ただ、旧来の鎌倉街道で「それも鎌倉のお寺巡りの特徴」と言われるかも知れませんが…。過去に訪れた時はそんなことは思わなかったので、やはり交通量とか歩き方とかが変わったのでしょうか。
 
さて、最初に立ち寄ったのは「円覚寺」、単に北鎌倉駅に一番近かったからですが、その名前はよく聞きます。登り口の石段を上った先には立派な山門がお出迎え、いかにも格式があるお寺の様相を呈していました。
 
本堂の回廊から見る庭園は、広さはあまりないものの、いかにも和風の趣があり見る人を迎えてくれます。

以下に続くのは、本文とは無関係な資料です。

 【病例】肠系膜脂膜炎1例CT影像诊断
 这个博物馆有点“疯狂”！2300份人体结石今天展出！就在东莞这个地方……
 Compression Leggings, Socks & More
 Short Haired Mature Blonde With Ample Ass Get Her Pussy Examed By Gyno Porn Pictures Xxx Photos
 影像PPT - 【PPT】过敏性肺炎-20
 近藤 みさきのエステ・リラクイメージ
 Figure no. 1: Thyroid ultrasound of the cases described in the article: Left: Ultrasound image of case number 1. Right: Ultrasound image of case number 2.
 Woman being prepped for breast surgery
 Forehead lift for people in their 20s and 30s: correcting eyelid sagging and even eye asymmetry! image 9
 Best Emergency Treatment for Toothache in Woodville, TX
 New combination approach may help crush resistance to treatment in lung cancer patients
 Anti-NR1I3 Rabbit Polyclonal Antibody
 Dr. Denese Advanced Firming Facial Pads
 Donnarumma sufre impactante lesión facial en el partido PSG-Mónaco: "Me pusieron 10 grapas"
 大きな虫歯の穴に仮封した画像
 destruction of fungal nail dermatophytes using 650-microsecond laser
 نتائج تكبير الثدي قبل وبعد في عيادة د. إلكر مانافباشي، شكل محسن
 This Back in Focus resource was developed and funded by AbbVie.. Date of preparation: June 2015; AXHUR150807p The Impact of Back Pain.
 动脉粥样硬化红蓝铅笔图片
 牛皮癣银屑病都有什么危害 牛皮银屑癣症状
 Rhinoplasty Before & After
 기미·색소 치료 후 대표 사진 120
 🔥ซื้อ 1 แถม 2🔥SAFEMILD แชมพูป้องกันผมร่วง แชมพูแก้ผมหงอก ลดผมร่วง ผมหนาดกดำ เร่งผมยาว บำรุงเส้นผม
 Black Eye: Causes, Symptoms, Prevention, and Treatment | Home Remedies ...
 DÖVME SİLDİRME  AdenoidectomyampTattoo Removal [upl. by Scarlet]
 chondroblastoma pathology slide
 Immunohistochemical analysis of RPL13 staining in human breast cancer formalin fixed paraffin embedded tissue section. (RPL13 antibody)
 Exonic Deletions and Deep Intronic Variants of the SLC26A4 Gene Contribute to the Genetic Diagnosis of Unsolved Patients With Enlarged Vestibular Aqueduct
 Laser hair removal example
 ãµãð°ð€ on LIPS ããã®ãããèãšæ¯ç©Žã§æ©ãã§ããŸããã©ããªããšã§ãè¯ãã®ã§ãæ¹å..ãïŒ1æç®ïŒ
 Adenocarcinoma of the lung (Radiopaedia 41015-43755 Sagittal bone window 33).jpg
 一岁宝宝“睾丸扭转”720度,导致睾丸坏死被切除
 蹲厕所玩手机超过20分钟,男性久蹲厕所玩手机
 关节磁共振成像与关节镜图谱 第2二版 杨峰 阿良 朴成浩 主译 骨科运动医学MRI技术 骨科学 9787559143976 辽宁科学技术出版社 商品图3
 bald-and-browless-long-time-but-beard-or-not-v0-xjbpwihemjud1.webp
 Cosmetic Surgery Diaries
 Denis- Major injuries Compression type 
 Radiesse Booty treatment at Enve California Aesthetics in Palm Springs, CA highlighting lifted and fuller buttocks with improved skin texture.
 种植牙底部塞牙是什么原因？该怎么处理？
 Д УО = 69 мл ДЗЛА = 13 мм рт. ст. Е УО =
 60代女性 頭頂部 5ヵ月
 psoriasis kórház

私たちが見て感じるのですから、日本庭園が好きな人にとっては飽きずに見られるのではないでしょうか。
 
次に寄ったのは、円覚寺から7〜8分ほど歩いた「建長寺」の入口へ。過去に数回ほど行ったことはありましたが、よく覚えていないので一番寄ってみたかったお寺です。
 
建長寺は臨済宗・鎌倉五山の第一位、円覚寺が第二位となっていて、この周辺には臨済宗が多いですね。京都・妙心寺や南禅寺も臨済宗で、源氏の後に執権になった北条氏の影響力があったのでしょうか。